4. Memory Strategies

LEMA supports two primary strategies in LemaConfig:

  • MemoryStrategy.STREAMING (Default):
    • Path: Disk -> Pinned RAM -> VRAM.
    • Pros: Lowest VRAM usage. Can fit models much larger than System RAM if needed (via mmap).
    • Cons: Higher latency due to PCIe/Disk bottleneck.
  • MemoryStrategy.RESIDENT:
    • Path: RAM -> VRAM.
    • Pros: Faster than streaming. Model weights stay in RAM.
    • Cons: Requires enough System RAM to hold the full model weights (~14GB for a 7B FP16 model).
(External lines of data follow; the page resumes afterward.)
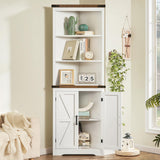 TEENFON Farmhouse Corner Cabinet, 70" H Tall Corner Hutch with 5 Shelves & 2 Barn Doors, Bathroom Cabinet with Adjustable Shelf, for Living Room, Kitchen, Bathroom, White TEENFON
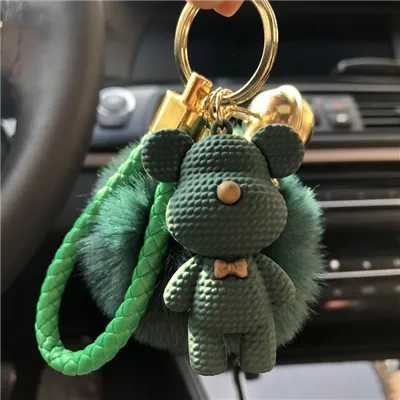 Přívěsek na klíče SWEET bear green pom-pom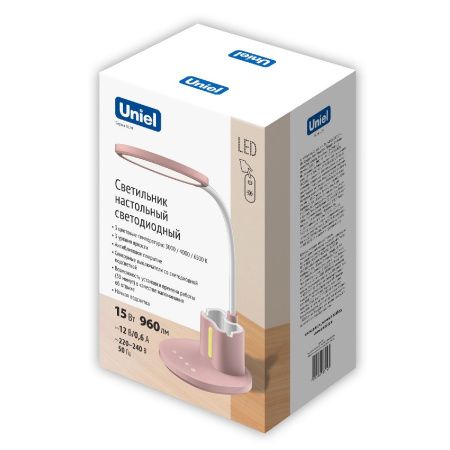Настольная лампа Uniel ULM-D150 15W/3000-6500K/DIM PINK
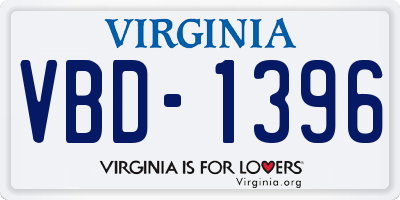 VA license plate VBD1396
4. Tips for Maximum Efficiency

  1. Gradient Checkpointing: Always enable gradient_checkpointing=True for 7B+ models. This significantly reduces VRAM usage during the backward pass by not storing intermediate activations.
  2. Pinned Memory: LEMA automatically uses pinned memory for transfers. Ensure your system has sufficient RAM available for the staging buffers (~2x the size of the largest layer).
  3. NVMe Storage: When using STREAMING mode, placing your .safetensors file on an NVMe SSD will greatly reduce the "Streaming Overhead".